Danke danke für eure Tipps!
Also ich will dort in Saint Cast vom Strand und von den Klippen aus Angeln.Ich bin Ende April da denke ich,vllt kann mir einer von ech ja noch ein paar Tips geben?bin da total ahnungslos.


----------



## Sten Hagelvoll (9. Januar 2011)

*AW: Kurze Brandungsrute*

Boardsuche, findest du 'ne Menge. Ich hatte hier mal was dazu geschrieben.
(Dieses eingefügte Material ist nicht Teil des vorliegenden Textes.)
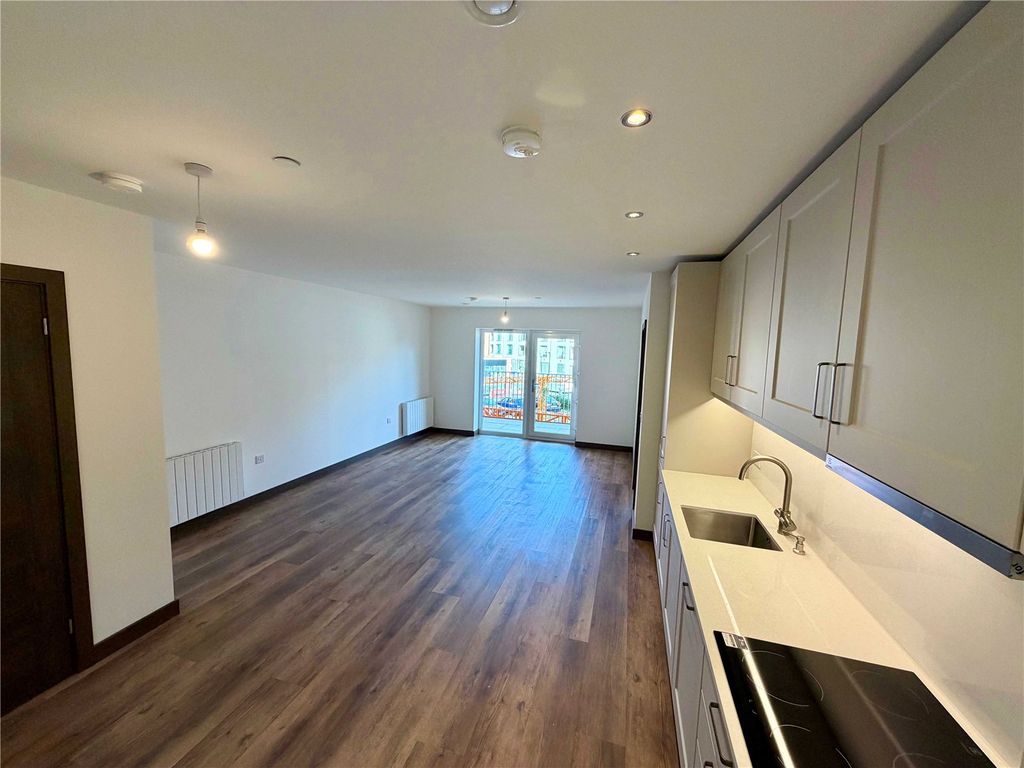 Property photo 3 of 9 Picture No. 37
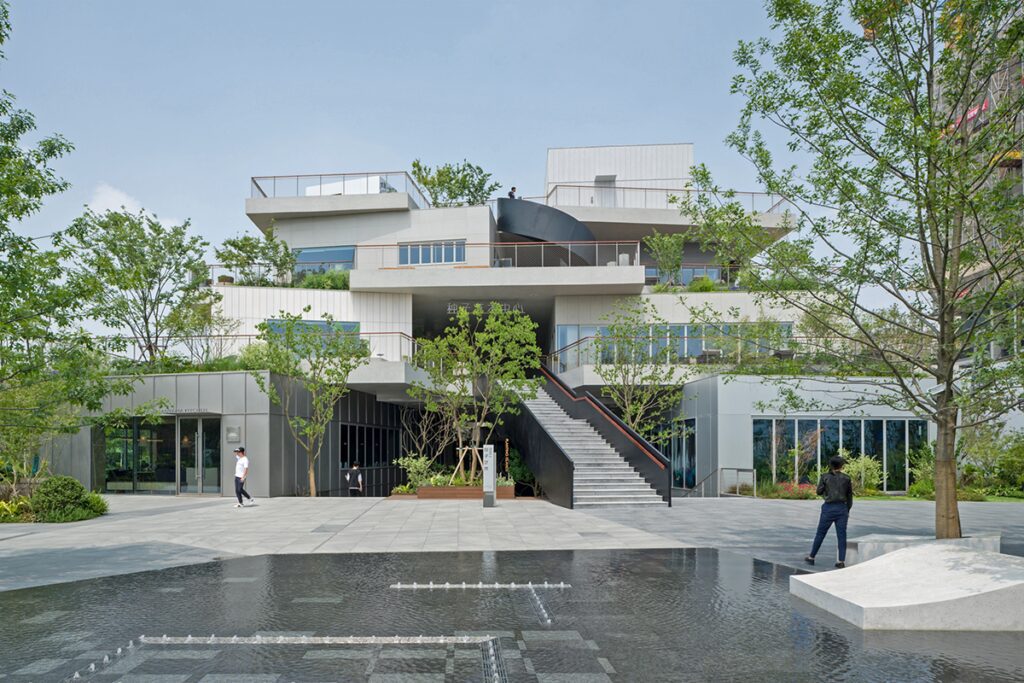 La arquitectura de un edificio que juega con los espacios comerciales y el entorno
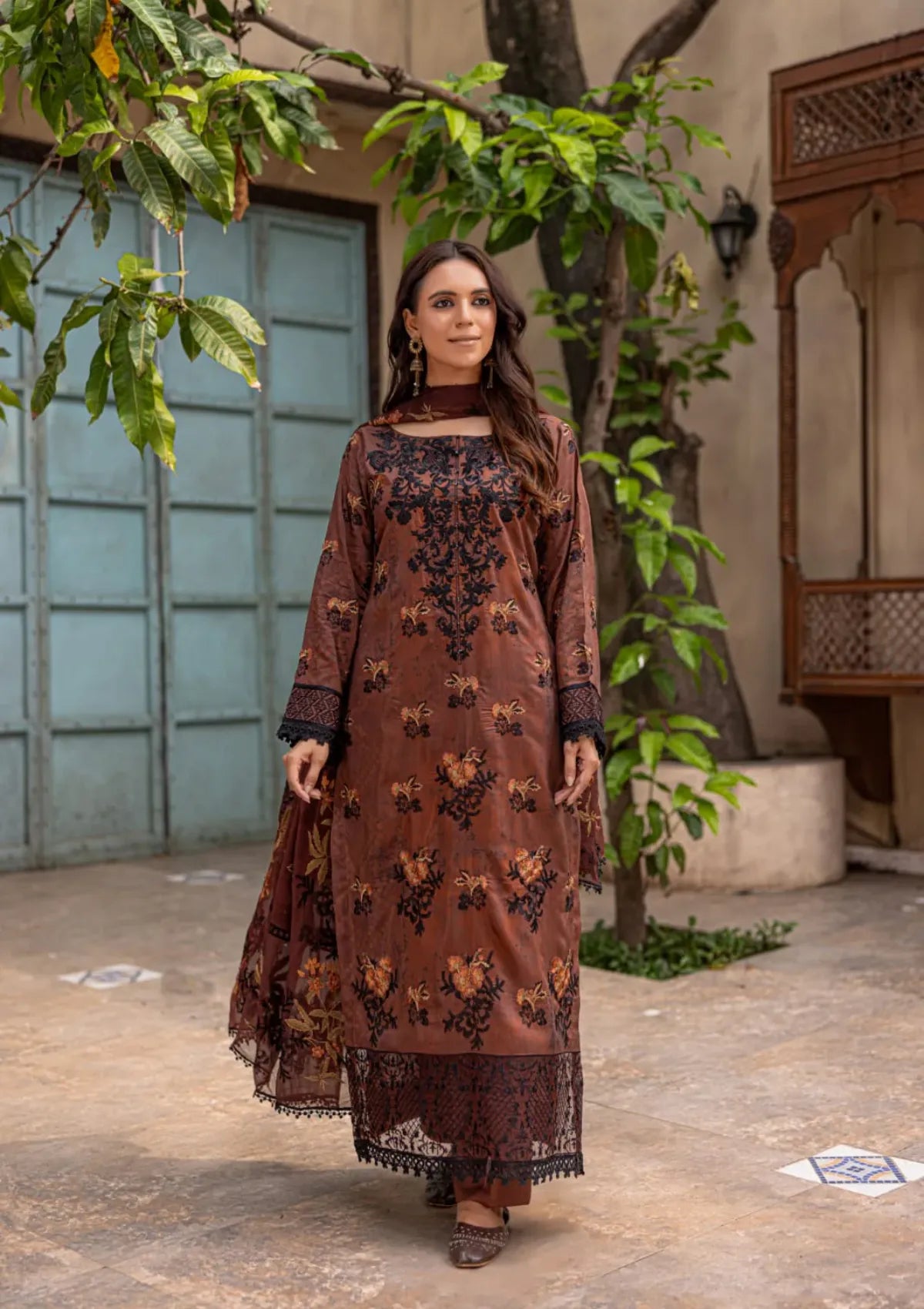 mohsin-saeed-fabrics-is-selling-online-and-in stores-Luxury-daily-wear-wedding-wear-formal-wear-in-budgeted-price-This-product-is-from-azam-arts-pankh-by-smile-vol-01-viscose25-d-1931-is-available-on-Mohsin-saeed-fabrics-website.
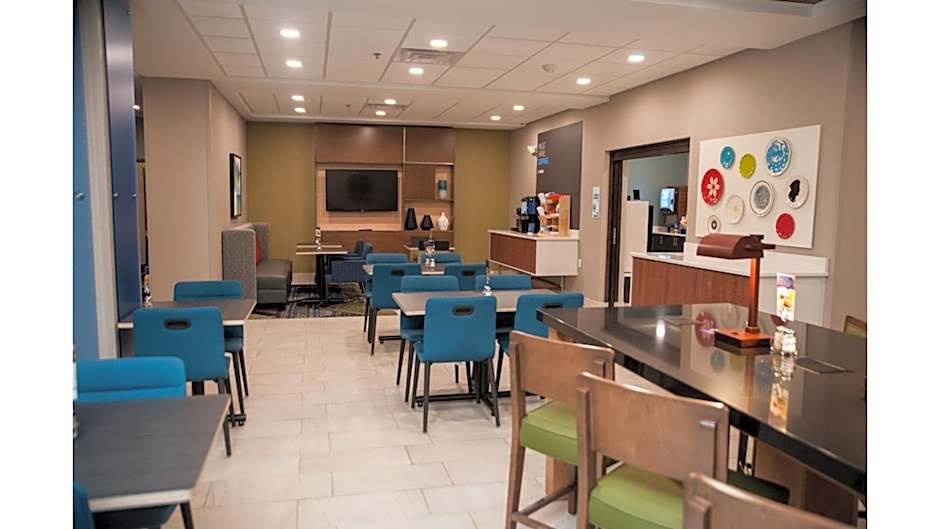 Holiday Inn Express Hotel & Suites Norfolk By IHG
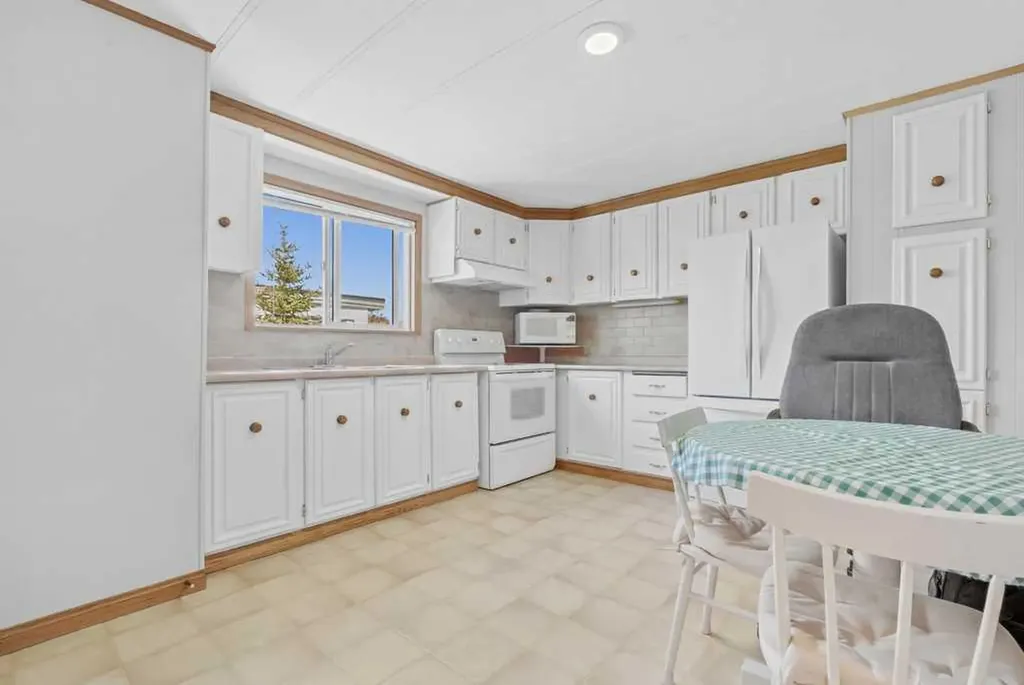 3223 83 Street NW Calgary AB T3B5N2
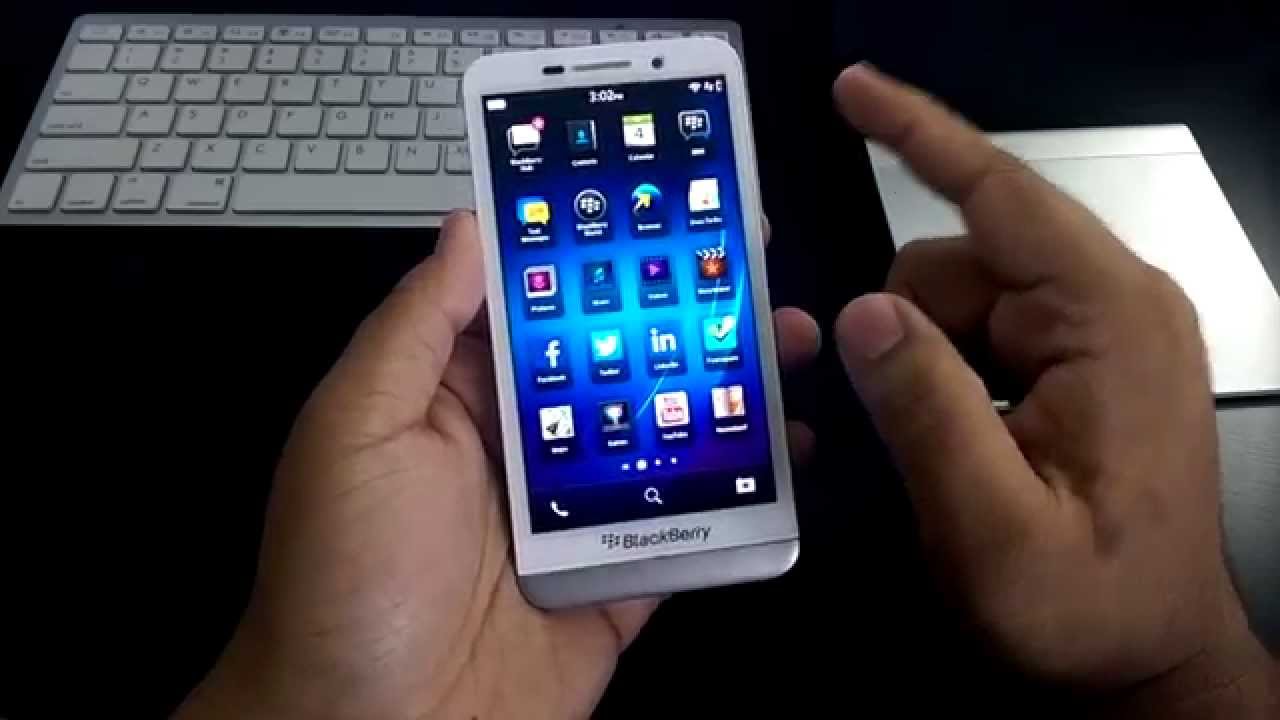 BlackBerry Z30 unboxing white (first impressions)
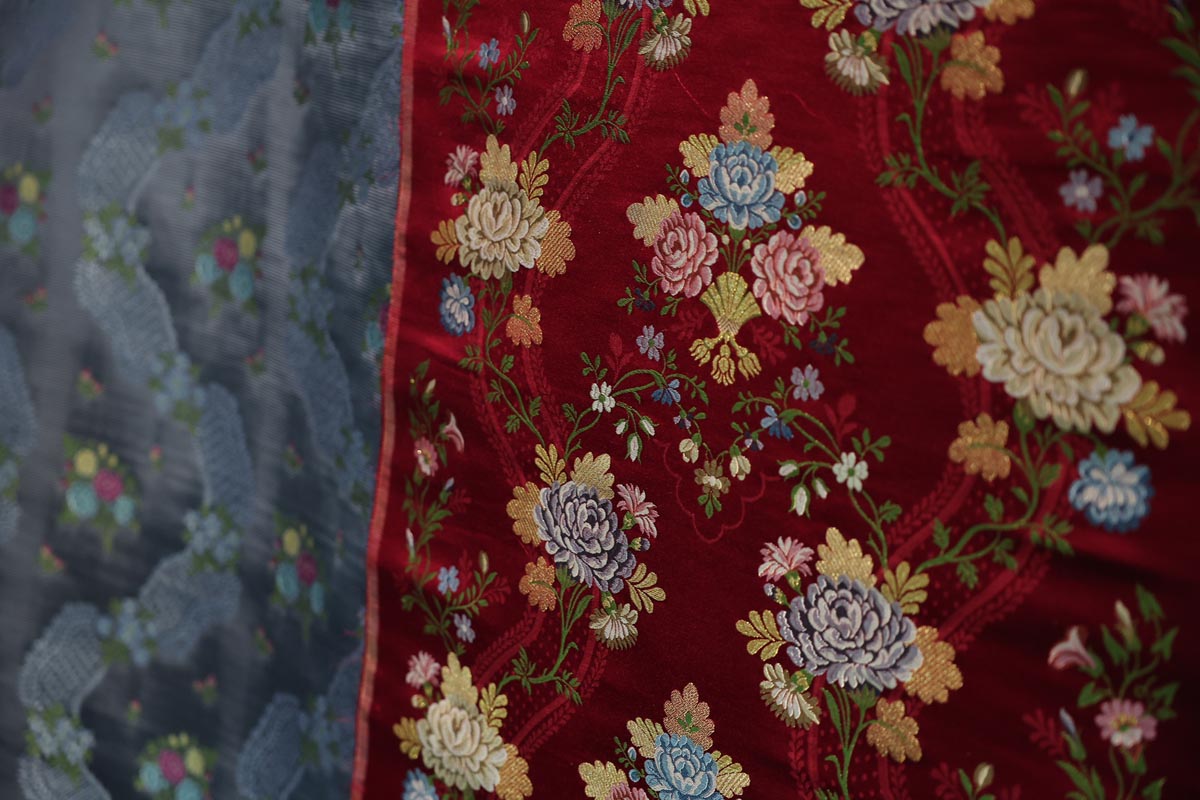 Las telas que lucirá la Corte de Honor Infantil fueron presentadas en Beniparrell.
http://www.anglerboard.de/board/showthread.php?t=155907&highlight=Bretagne


----------



## welsman (9. Januar 2011)

*AW: Kurze Brandungsrute*



Sten Hagelvoll schrieb:


> Boardsuche, findest du 'ne Menge. Ich hatte hier mal was dazu geschrieben.
> 
> http://www.anglerboard.de/board/showthread.php?t=155907&highlight=Bretagne



Hab ich bereits die Tage gelesen.Hast du direkt vor den Klippen geangelt oder weit raus geschmissen?und warst du schonmal in Saint Cast angeln,ende April?


----------



## basslawine (21. Januar 2011)

*AW: Kurze Brandungsrute*

Hallo,

hier noch mal ein Rutenvorschlag:

http://www.tacklebargains.co.uk/acatalog/Shakespeare_Salt_Travel_Beach_Rod_-_Save_40_.html

die verschicken auch nach Kontinentaleuropa. Da das Packmaß klein und das transportrohr sehr stabil ist, sollte Verpackung und Versand aber nicht  exorbitant teuer sein.

Ich hab die Rute selber und bin im großen und ganzen sehr zufrieden damit. 
beringung für multi und stationär.
sehr robust, packmaß ca 65cm.

die shimano beastmaster surf stc in 425cm beringt für Stationär besitze ich auch. Die ist zwar schöner, länger und filigraner verarbeitet, kostet aber auch mehr als das Doppelte.

Mit etwas längerem Packmaß gibts dann noch eine Reiserute von Daiwa Wilderness Beach, habe ich aber nie selbst in den Flossen gehalten. Kostet irgendwas zwischen den beiden obengenannten.

Gruß Marco


----------